Who is your God? How well do you know him? Are you seeking to know him deeper and deeper. Realizing that there is one true God and he is only found in his one true revelation of himself and those that find that truth, that will submit to that will will find the sweetest and lasting fruit of this life. Which enrichens and deepens our faith in him. A faith that when grown will send out ripples into the world around us.
Does our faith cause ripples, does the word of God ring out from us, are we a beacon of light in a sea of darkness? Have far does that ripple go? Sacramento? Seattle? How about Spokane? Our neighborhoods? What about our homes? Our spouses? Our Children?
Is your trust in Lord even proclaimed in your own home? Is your faith spoken of by your husband, wife, or children? Are you known as a person of the word? Does it ring out of any part of your life?
Have you buried your light under a basket? Afraid that you will be seen? That you will cause waves? Oh brother and sister, be bold. Throw large rocks. Make some waves? Let your faith and trust in the Lord be known. Live in the word. Let it ring out from your life. Fill your heart with the rich and sweet word of God.
Be a person who’s life brings Glory to the name of the one who died to purchase you as his own sheep.
Be a person who can call God as his witness before those in your life. That God would testify that you serve him and him alone.

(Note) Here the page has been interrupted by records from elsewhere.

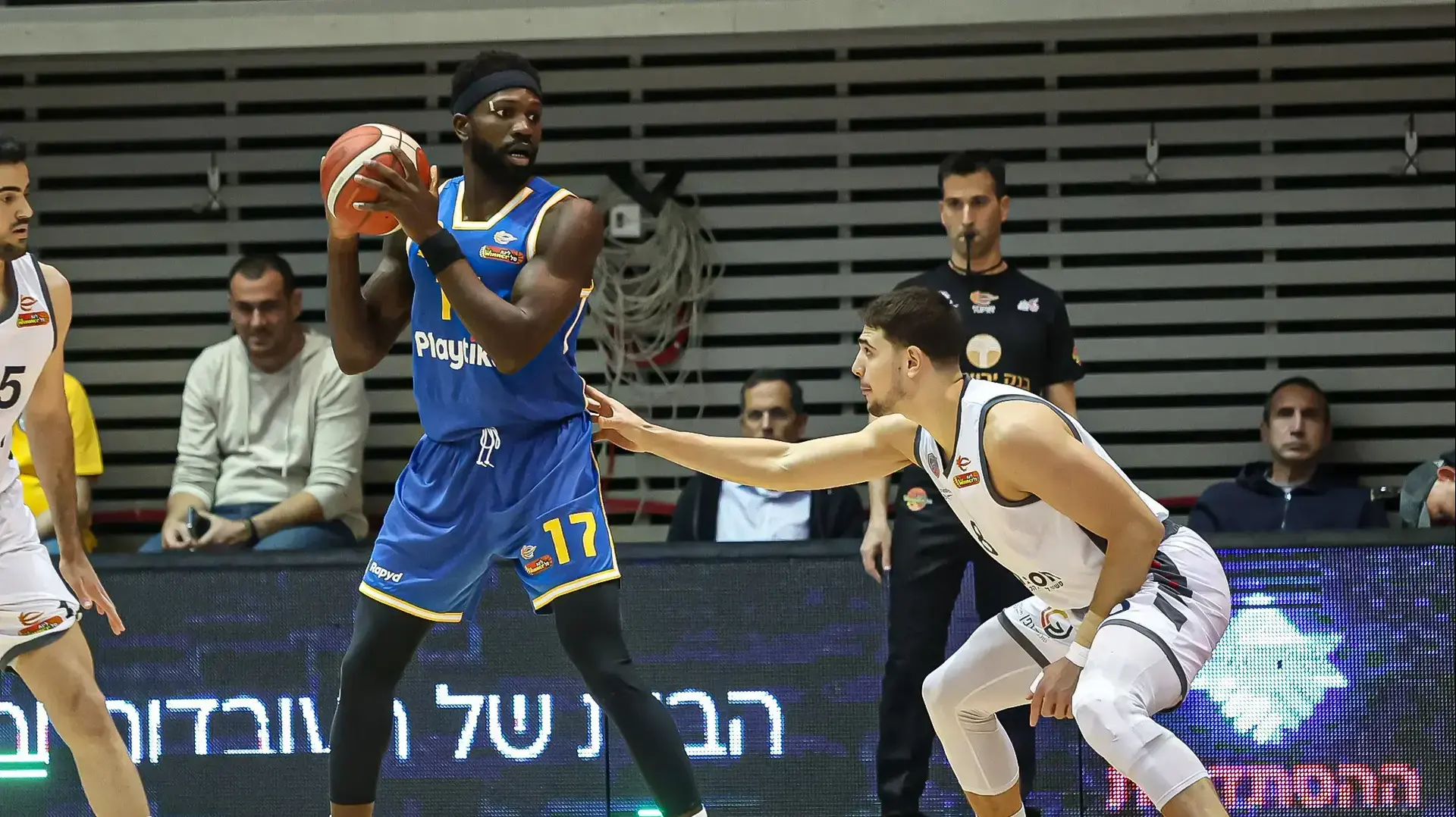 שחקן מכבי תל אביב סולימאן בריימו מול שחקן עירוני קרית אתא יותם חנוכי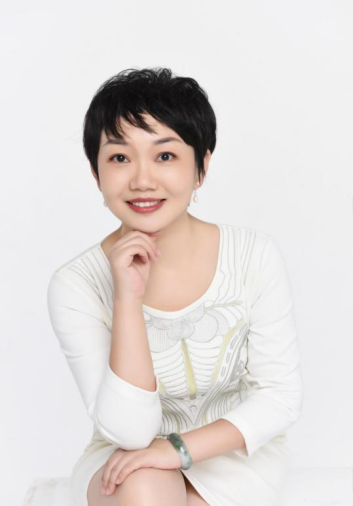 鄭士瓊老師 - 企業(yè)培訓師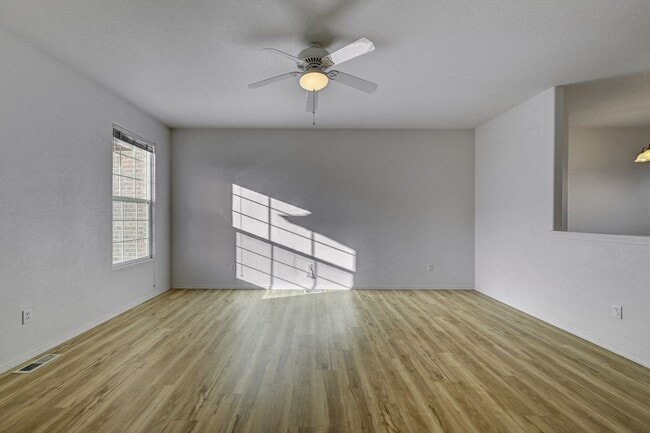 Photo - 10535 Country Park Point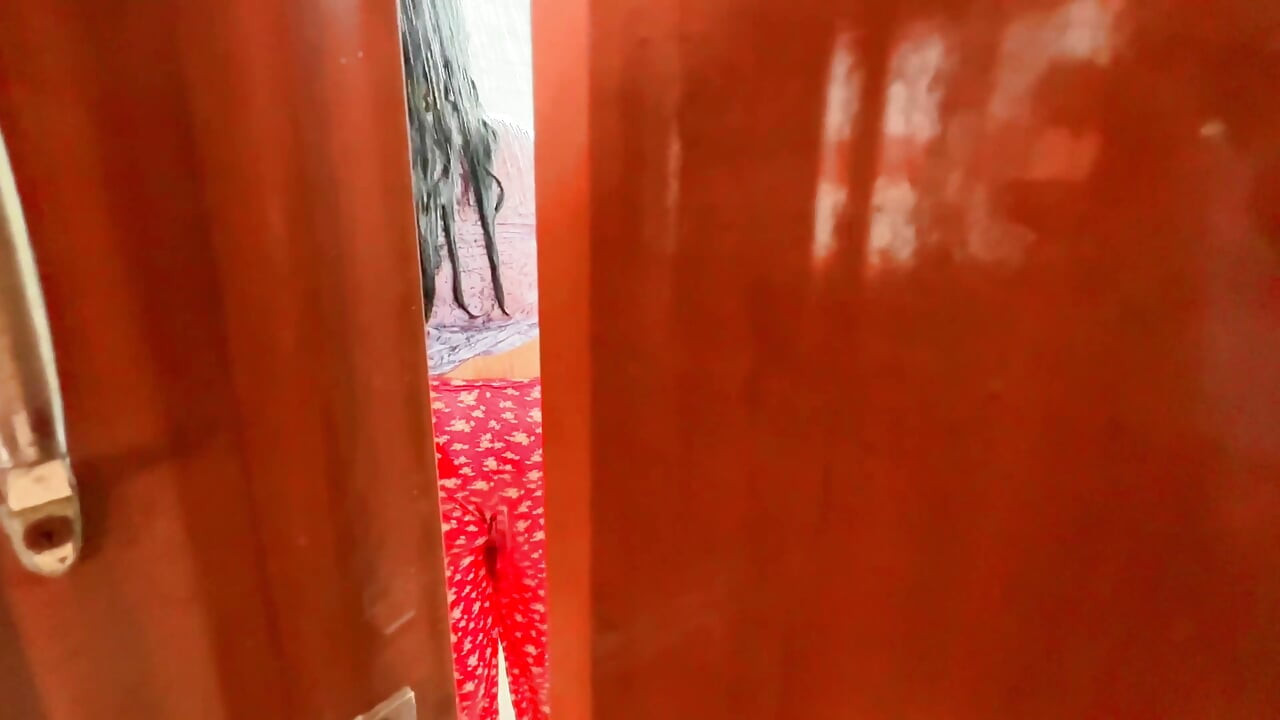 Mẹ kế bbw Ai Cập tắm trong phòng tắm khi con trai riêng siêu nóng bỏng & đụ cô ấy - làm tình trong phòng tắm & xuất tinh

Can we stand before the world around us, will we be known as the people of God. The people of faith. There are so many other things that churches and people want to be known for, the size of the church, the style of the church, the greatness of the building, the most engaging experience in preaching or signing. But the simple truth is are we content with the will of God that we are known, not by what we do, but by what he has done, through the words, of his mouth, and the work of his son.
Let us pray.
Let us pray.
Prayer
Blessing/Benediction
20 Now may the God of peace, who brought up from the dead our Lord Jesus—the great Shepherd of the sheep—through the blood of the everlasting covenant, 21 equip you with everything good to do his will, working in us what is pleasing in his sight, through Jesus Christ, to whom be glory forever and ever. Amen.